Scott, a lieutenant commander 04 in the US Navy, was stationed on the USS Enterprise in the middle of the Persian Gulf when he learned the news that his son, Aaron, had a brain tumor.

The playground has brightly painted play sets and slides. It’s surrounded by a lush green lawn, and parked close by are big wheels and bikes. On this particular day, the sun shines brightly. Summer is in full swing.

Five-year-old Aaron grasps his dad’s hand and the two walk toward the playground. Aaron is a little unsteady, but he's determined. His dad, Scott, lets go of Aaron’s hand and watches his son climb onto the play set. When Aaron reaches the top, he laughs, the sound crisp and clear.

Almost a year ago, Scott worried that he’d never see his son laugh and play outside again. For several weeks during the summer of 2012, Aaron experienced nausea and vomiting. In August, an MRI revealed a mass on Aaron’s brain.

Scott, a lieutenant commander 04 in the US Navy, was stationed on the USS Enterprise in the middle of the Persian Gulf when he learned the news. His wife, Elizabeth, sent him a frantic email asking him to “call immediately.” Scott had been deployed for six months. The family was used to being apart for long stretches of time, but now the distance seemed overwhelming.

The next two days were a flurry of activity as Scott made his way back to his family. By the time he arrived stateside, Aaron had already undergone emergency surgery to remove the tumor.

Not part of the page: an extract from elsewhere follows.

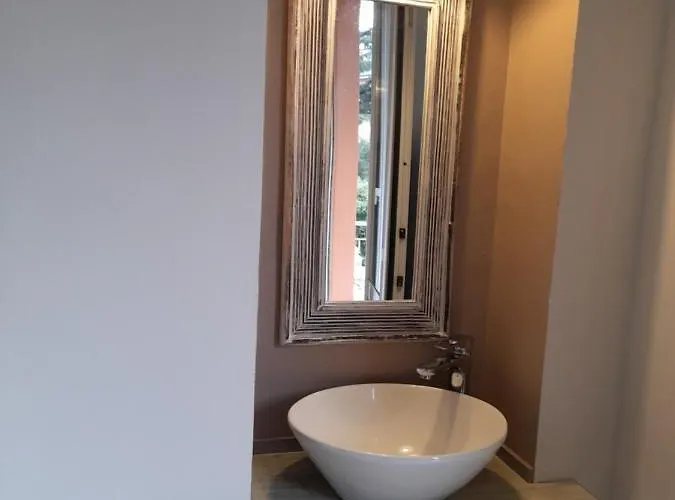 La Casa Di Gaia Appartement *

The scene that met Scott in Aaron’s hospital room was devastating.

"Aaron was hooked up to tubes, and his face was swollen,” Scott recalls. It was a vast difference from the playful, energetic little boy Scott had said goodbye to when he left the States. “He couldn’t walk, he couldn’t talk."

But the moment Scott said Aaron’s name, the little boy opened his eyes.

A biopsy of the tumor revealed it to be a medulloblastoma, a rare brain tumor that arises in the posterior fossa region of the brain. Elizabeth searched the Internet for the best place for Aaron’s continuing treatment and care.

Everything she found pointed to St. Jude Children’s Research Hospital, which has the largest research-based pediatric brain tumor research program in the country. Its science and technology are at the cutting edge worldwide.

Aaron and his family arrived at St. Jude in September 2012. His treatment included a second brain surgery, 31 rounds of radiation therapy and four rounds of chemotherapy. Scott was temporarily reassigned to a military base in Tennessee, and was able to stay with Aaron during the entirety of his treatment. “I feel blessed that I could be here with him,” says Scott. "Aaron is definitely my hero."

Scott and Elizabeth are grateful for everything St. Jude has done for their son. “Our doctors and nurses are amazing. There is so much love and care," Scott says. "You can’t put the amount of thanks we have for St. Jude into words. It’s the very best of the best."

Aaron recently finished treatment. He visits St. Jude for regular checkups, and his latest set of scans showed no evidence of disease. Scott looks forward to many more days spent playing with his son.